Josh and I have talked about using Stable Diffusion to generate a new version of the logo on our
landing page every day. Stable diffusion alone hasn't been able to generate anything meaningful, but
let's try creating seed images with DalleMini and then use Stable Diffusion img2img to refine them.

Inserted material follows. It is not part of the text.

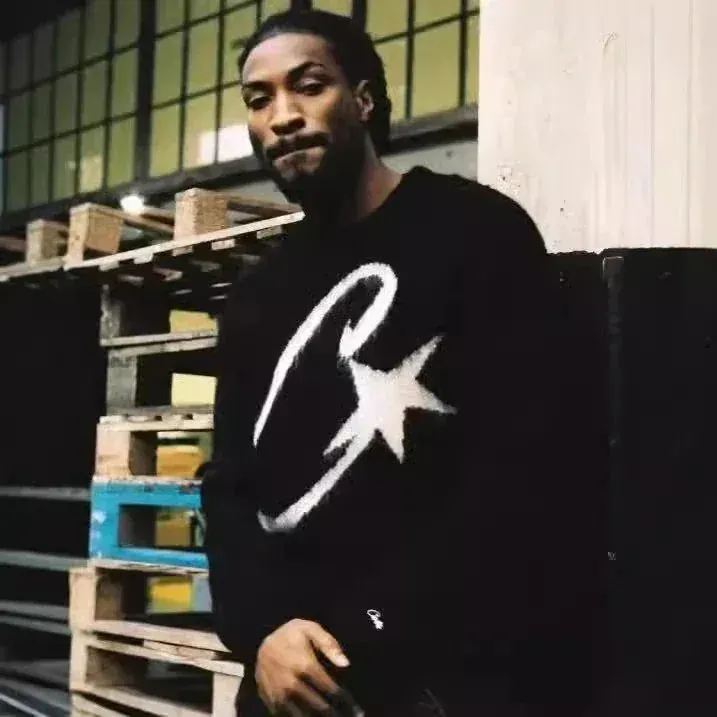 Corteiz Black Graphic Knit Sweater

_Based on: https://github.com/huggingface/diffusers/blob/main/README.md#image-to-image-text-guided-generation-with-stable-diffusion_

In [None]:
!pip install git+https://github.com/run-house/runhouse.git@latest_patch

In [1]:
import runhouse as rh
import torch
from PIL import Image
import random

INFO | 2022-12-21 08:40:20,340 | Loaded Runhouse config from /root/.rh/config.yaml


In [None]:
!runhouse login

### Login to Runhouse to load in secrets.

In [None]:
# You can add token=<your token> if you want to be able to run this without pasting into stdin
rh.login(download_secrets=True, download_config=True)

In [None]:
# Only if you're using GCP and running inside Colab!
!gcloud init
!gcloud auth application-default login
!cp -r /content/.config/* ~/.config/gcloud

In [None]:
# Check that secrets are loaded in properly and at least one cloud is ready to use.
!sky check

First try just DalleMini. It runs best on an A100, but AWS doesn't offer single A100s (only clusters of 8),
so let's run it on gcp.
gcp_gpu = rh.cluster(name='a100', instance_type='A100:1', provider='gcp', use_spot=False, autostop_mins=60)

In [2]:
def dm_generate(prompt, num_images_sqrt=1, supercondition_factor=32, is_mega=True, seed=50, top_k=64):
    from min_dalle import MinDalle
    import torch
    from PIL import Image
    torch.cuda.empty_cache()
    torch.no_grad()
    torch.backends.cuda.matmul.allow_tf32 = True
    torch.backends.cuda.matmul.allow_fp16_reduced_precision_reduction = True
    dalle = MinDalle(device='cuda', is_mega=is_mega, is_reusable=False, dtype=torch.float16)
    images = dalle.generate_images(prompt, seed=seed, grid_size=num_images_sqrt,
                                   temperature=1, top_k=top_k, supercondition_factor=supercondition_factor)
    images = images.to(torch.uint8).to('cpu').numpy()
    return [Image.fromarray(images[i]) for i in range(num_images_sqrt**2)]

In [None]:
gcp_gpu = rh.cluster(name='a100', instance_type='A100:1', provider='gcp', use_spot=False)
# gcp_gpu = rh.cluster(name='a10g', instance_type='A10G:1', provider='cheapest', use_spot=False)
dm_generate_gpu = rh.send(fn=dm_generate, 
                          hardware=gcp_gpu,
                          reqs=['./', 'torch', 'min-dalle'],
                          load_from=['rns'], save_to=['rns'],
                          name='dm_generate')

In [None]:
rh_prompt = 'A digital illustration of a woman running on the roof of a house.'

seed = random.randint(0, 1000)
rh_logo_dm_images = dm_generate_gpu(rh_prompt, 
                                    seed=seed,
                                    is_mega=False,
                                    num_images_sqrt=2,
                                    supercondition_factor=256)
[image.show() for image in rh_logo_dm_images]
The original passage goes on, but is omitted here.